Die fehlende Dynamik zwischen den Charakteren macht sich auch in den Gesichtern der Darsteller breit. David Giuntoli könnte gelangweilter nicht aussehen und schafft es in keinem Moment, die so schon fehlplatzierte Ernsthaftigkeit der Story hinüberzubringen, während Russell Hornsby als ahnungsloser Partner unterbeschäftigt ist und eine dumme Frage nach der anderen an Nick stellt – der natürlich händeringend nach glaubhaften Lügen sucht, jedoch keine findet, da auch die Autoren nicht in der Lage waren, den nötigen Humor in die eigentlich humorvollen Szenen zu bringen.

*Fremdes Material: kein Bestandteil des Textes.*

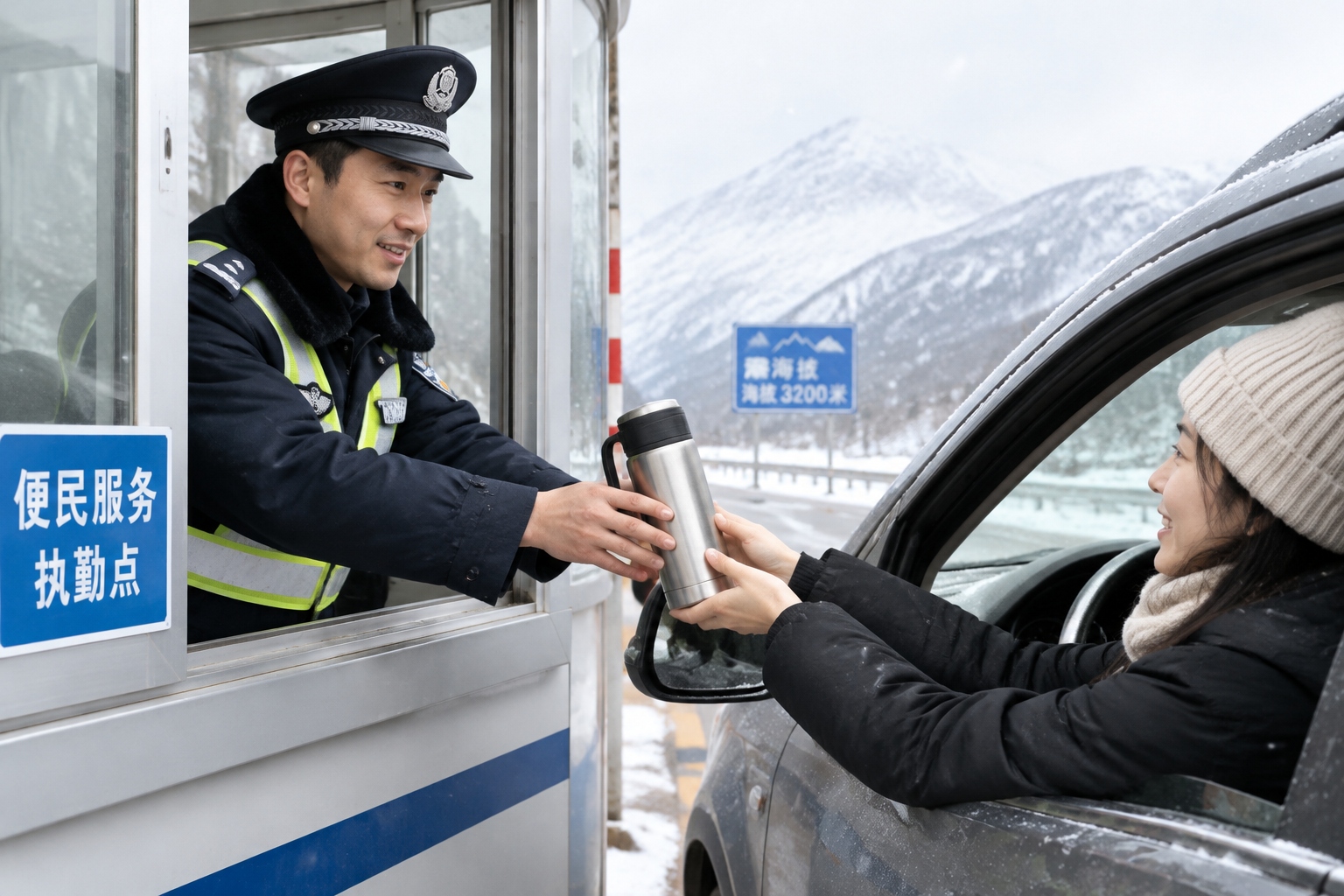 Driving Through Four Seasons: The Scenic Duku Highway Experience 24 Road safety officer providing hot water to drivers at a snowy checkpoint on the Duku Highway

Etwas Hoffnung bringt jedoch Silas Weir Mitchell als Eddie Monroe in die Serie – selbst ein Monster aus den Grimm-Märchen, allerdings mit einem guten Herzen und einer strikten Diät. Es bietet sich faktisch an, dass Nick innerhalb der ersten Episoden der Serien einen Quasi-Partner aus der Welt der Übernatürlichen bekommt, damit Nick als neuer Jäger alles über sein neues Berufsumfeld erfährt. Anderweitig hätte es etwas seltsam ausgesehen, wenn Nick ohne die Hilfe eines derer seinen ersten Grimm-Monster (eine Mischung aus Wolf und pädophilen Kidnapper) dingfest macht.

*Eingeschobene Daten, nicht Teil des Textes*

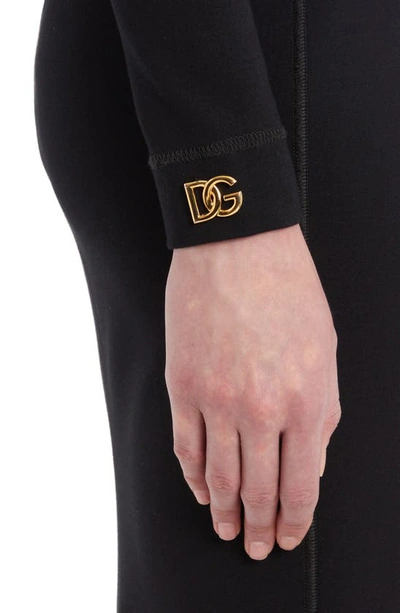 Shop Dolce & Gabbana Logo Hardware Long Sleeve Jersey Midi Dress In N0000 Nero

«Grimm» bietet sich für den selten beachteten Freitagabend-Sendeplatz auf NBC an, hat aber einiges an Arbeit vor sich, um allgemein als gute Serie angesehen zu werden. Wenn man die generische Krimikost eines Mordermittlers mit der Märchenwelt der Gebrüder Grimm verbinden will, sollte man schon in der Pilotfolge mit einer außergewöhnlichen Erzählweise und interessanten Charakteren daherkommen. Denn die Pilotfolge ist buchstäblich nur eine der unzähligen Krimiserien mit einem „Twist“ - einem durchaus interessanten Twist, wenn daran denn gearbeitet wird. Nach harter Arbeit sieht die standardisierte und nach dem Muster „Drehbuchschreiben nach Zahlen“ aussehende Premiere jedoch nicht aus. Aber wer weiß, vielleicht wird «Grimm» auf NBC doch noch ein Erfolg (doch wer glaubt das schon heutzutage?), und die Autoren besinnen sich auf die Stärken seiner Vorgänger: Apokalypse und die Welt retten - wie es sich für Monsterjäger des vergangenen Jahrzehnts gehört. Das wäre zwar auch nur von den Kultserien „geklaut“, aber eine Apokalypse bietet sich als bessere Quelle für interessante Geschichten, als langweilige Monster-der-Woche-Episoden, die weder Charakterentwicklung noch Überraschungen zu bieten haben. Quasi das neue «Special Unit 2», nur ohne den kleptomanisch veranlagten Gnom und Prisen von Humor.